= Imad al-Dawla Muhammad ibn Ali =

Ghaznavid commander

Imad al-Dawla Muhammad ibn Ali (عماد الدوله محمد بن علی), was a military officer from the Bu Halim Shaybani family, who served as the commander-in-chief in India under the Ghaznavids.

== Biography ==
Imad al-Dawla Muhammad belonged to the Bu Halim Shaybani family; he was the son of a certain Ali, and had a brother named Rabi ibn Ali. The last mentioned member of the Bu Halim before Imad al-Dawla Muhammad was Najm al-Din Zarir, who was the son of Bu Halim, the eponymous founder of the family. Imad al-Dawla Muhammad and his brother are first mentioned during the reign of Sultan Arslan-Shah, where Imad al-Dawla Muhammad is mentioned as the commander-in-chief (sipahsalar) of the Ghaznavid army in India, and his brother Rabi ibn Ali is also mentioned, but his office is unknown.

However, Arslan-Shah's reign turned out short; his mother, a Seljuq princess named Gawhar Khatun was treated badly, which resulted in her brother Ahmad Sanjar to invade Arslan-Shah's domains, where he managed to decisively defeat Arslan-Shah and make the latter's brother Bahram-Shah the new ruler of the Ghaznavid dynasty, while at the same time acknowledging Sejluq suzerainty.
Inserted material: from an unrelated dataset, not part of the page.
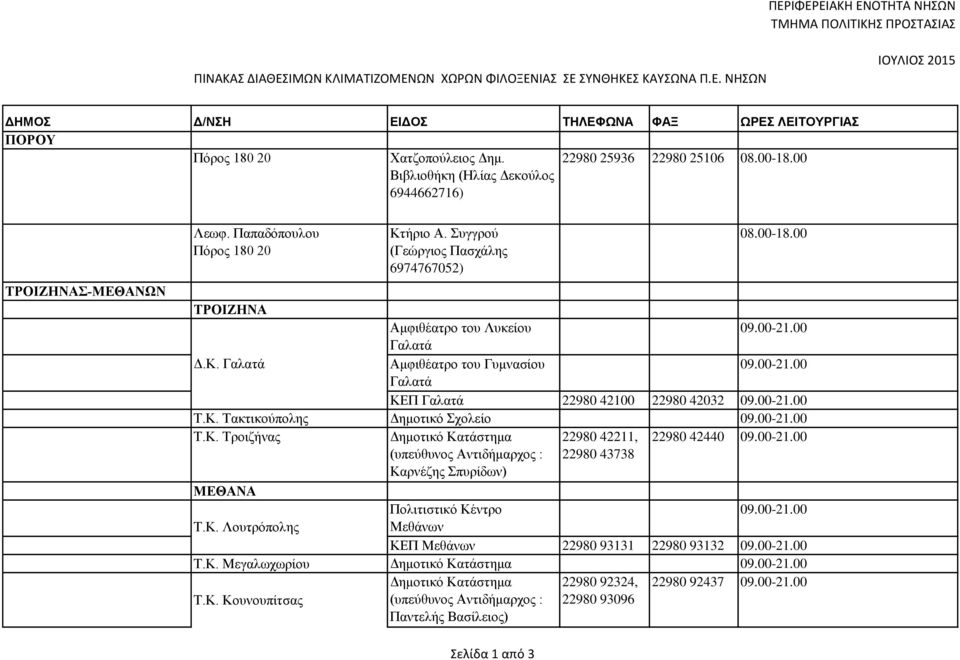 00-21.00 Γαλατά Δ.Κ. Γαλατά Αμφιθέατρο του Γυμνασίου 09.00-21.00 Γαλατά ΚΕΠ Γαλατά 22980 42100 22980 42032 09.00-21.00 Τ.Κ. Τακτικούπολης Δημοτικό Σχολείο 09.00-21.00 Τ.Κ. Τροιζήνας Δημοτικό Κατάστημα (υπεύθυνος Αντιδήμαρχος : Καρνέζης Σπυρίδων) 22980 42211, 22980 43738 22980 42440 09.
However, Arslan-Shah managed to survive the invasion, and fled to India, where he was supported by the Bu Halim brothers and other officers.

After Ahmad Sanjar left the Ghaznavid capital of Ghazni, Arslan-Shah returned to the capital, where he defeated Bahram-Shah, but Ahmad Sanjar shortly returned and defeated Arslan-Shah, who once again fled, but was captured by a Seljuq commander, and was executed. However, the two Bu Halim brothers kept opposing Bahram-Shah; Imad al-Din Muhammad, who was still in India, managed to withstand an attack by Bahram-Shah, but in the end was defeated and captured at Lahore in 1119 by the latter.

However, because of Imad al-Din Muhammad's great service in India to the Ghaznavids, Bahram-Shah pardoned him and restored him as the commander-in-chief of the Ghaznavid army in India. However, Imad al-Din Muhammad, along with several of his sons such as Mu'tasim ibn Muhammad, shortly rebelled against Bahram-Shah, but he along with his sons were killed by an army sent by Bahram-Shah. After this event, mention of the Bu Halim family completely disappears.